▸ **Listed entries**:
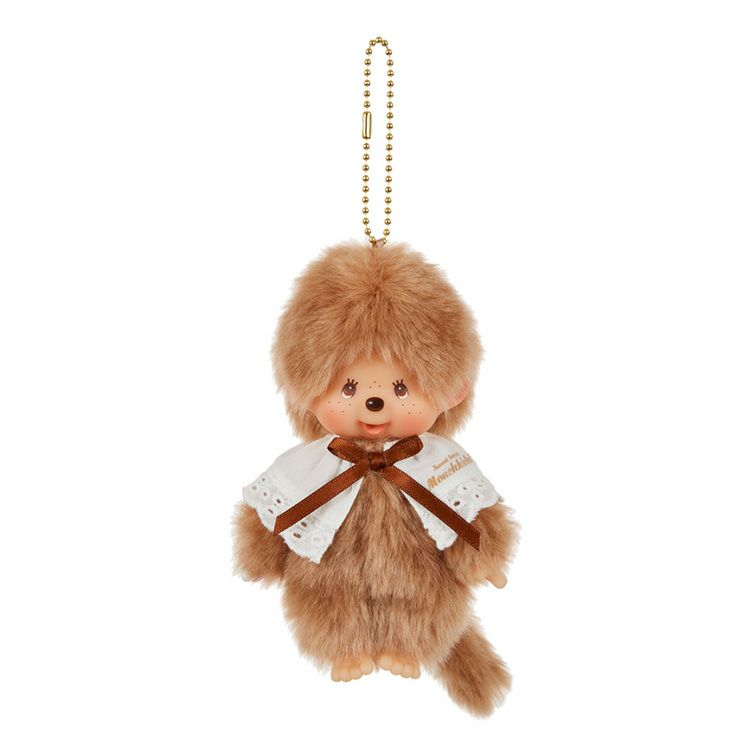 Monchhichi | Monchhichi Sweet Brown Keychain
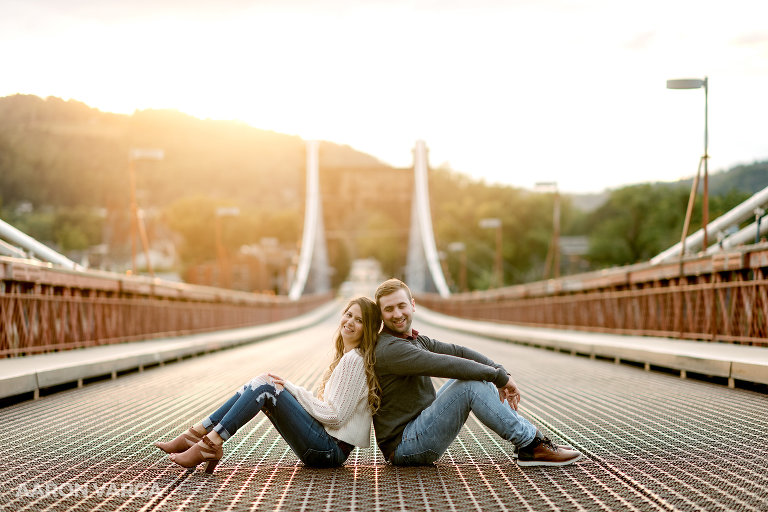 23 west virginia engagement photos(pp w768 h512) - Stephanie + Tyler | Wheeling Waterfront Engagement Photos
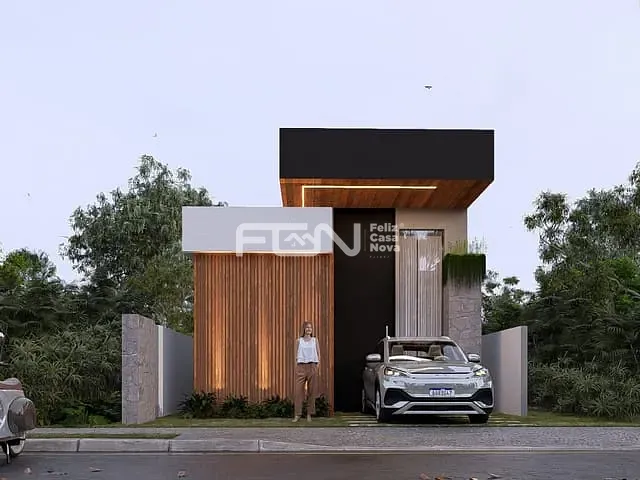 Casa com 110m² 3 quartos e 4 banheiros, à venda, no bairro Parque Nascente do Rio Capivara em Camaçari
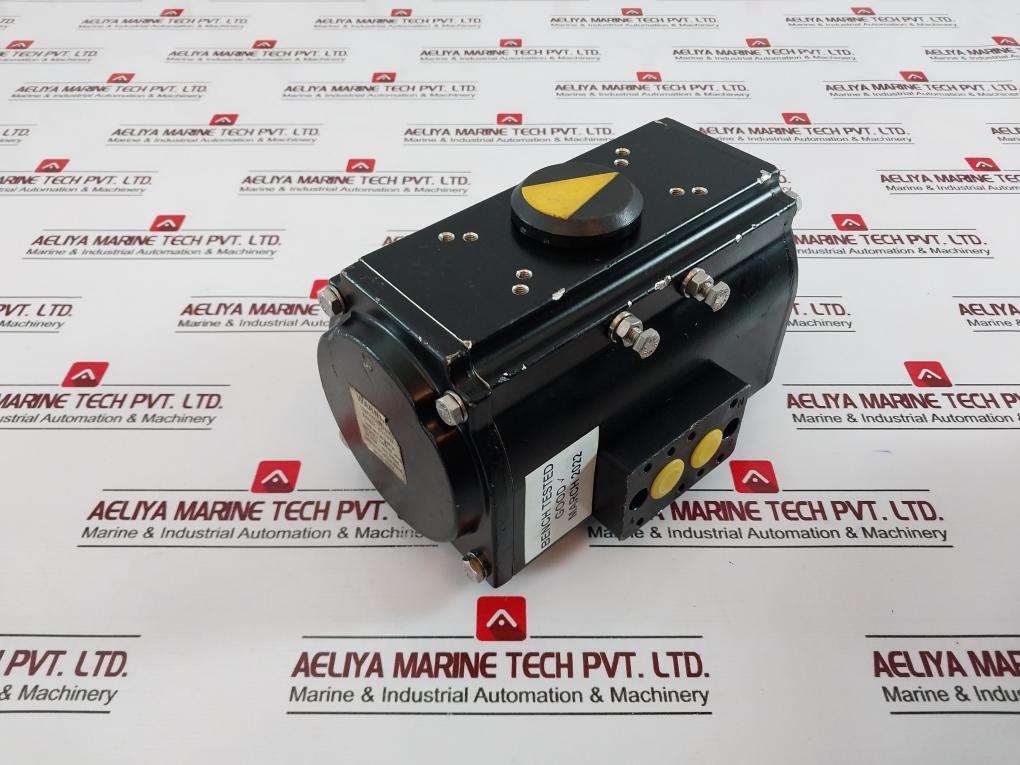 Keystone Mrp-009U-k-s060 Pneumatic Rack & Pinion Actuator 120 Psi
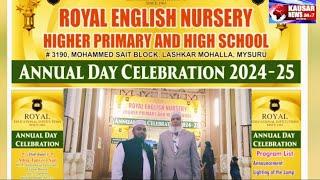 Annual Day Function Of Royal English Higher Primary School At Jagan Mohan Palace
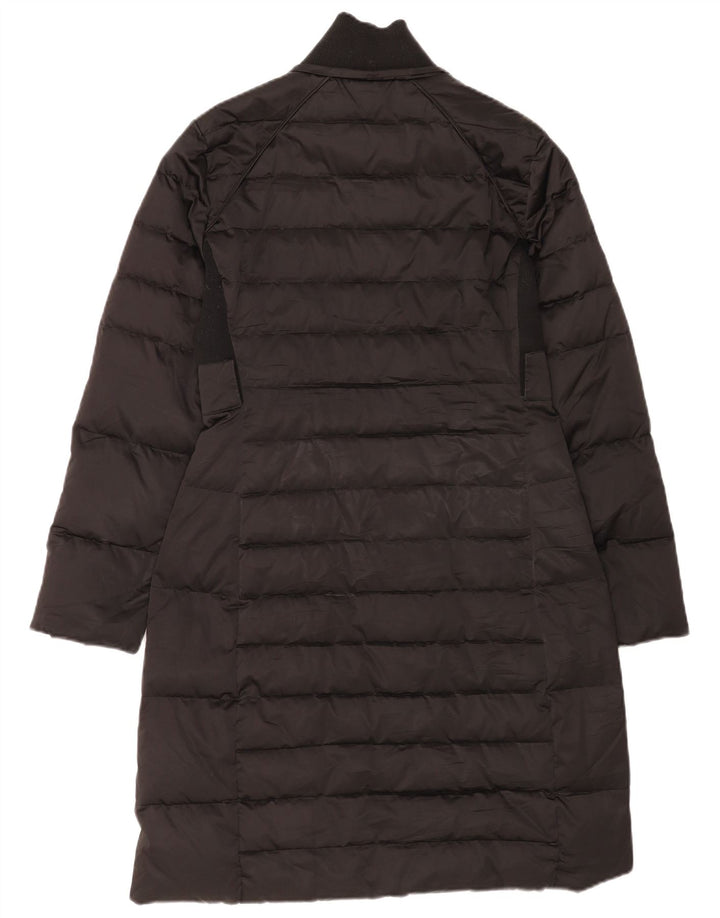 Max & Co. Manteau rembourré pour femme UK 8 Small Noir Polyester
--
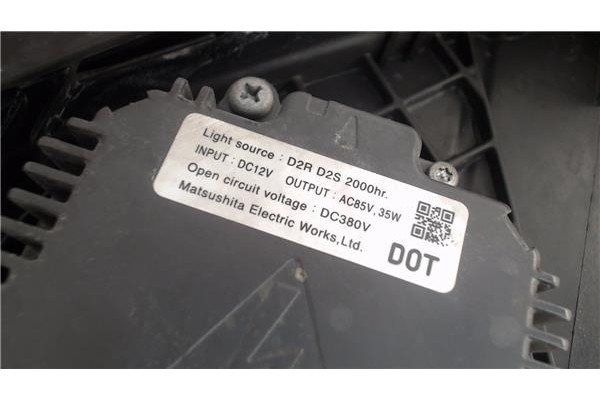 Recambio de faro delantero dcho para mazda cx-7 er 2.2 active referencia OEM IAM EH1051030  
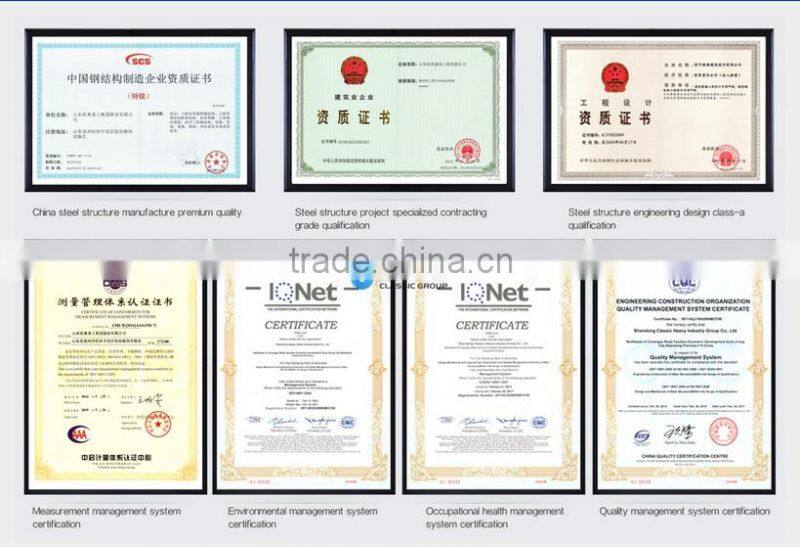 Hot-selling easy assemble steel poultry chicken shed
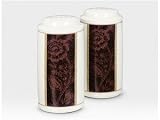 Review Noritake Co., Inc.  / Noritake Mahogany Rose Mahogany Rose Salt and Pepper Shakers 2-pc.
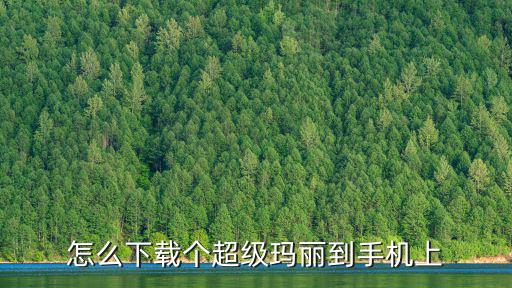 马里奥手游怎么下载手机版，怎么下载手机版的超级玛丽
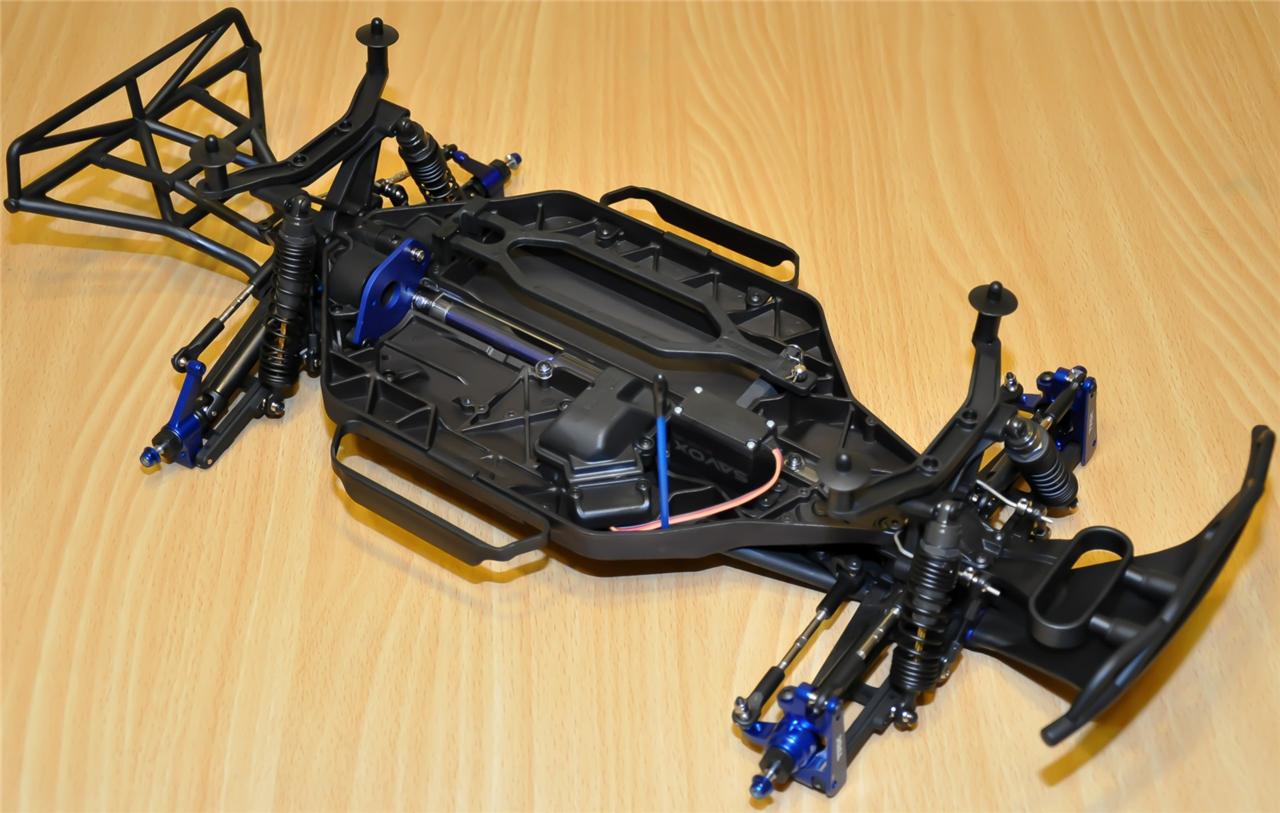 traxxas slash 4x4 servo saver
==
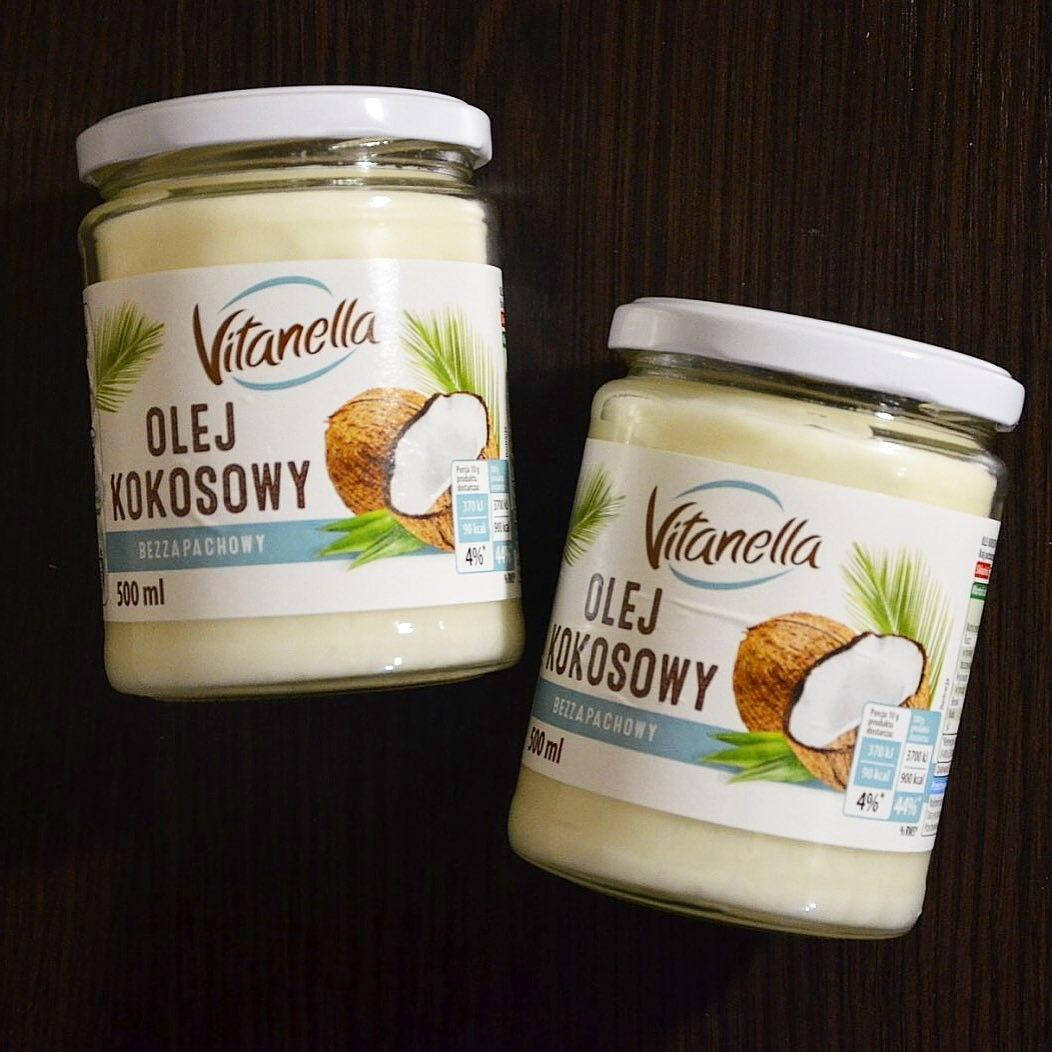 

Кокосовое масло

▸ **Exercise instructions**: Beginning at the line above that contains "马里奥手游怎么下载手机版，怎么下载手机版的超级玛丽", repeat each line exactly through the one that contains "traxxas slash 4x4 servo saver", and leave out the pictures.

▸ **Answer box**:
 马里奥手游怎么下载手机版，怎么下载手机版的超级玛丽
 traxxas slash 4x4 servo saver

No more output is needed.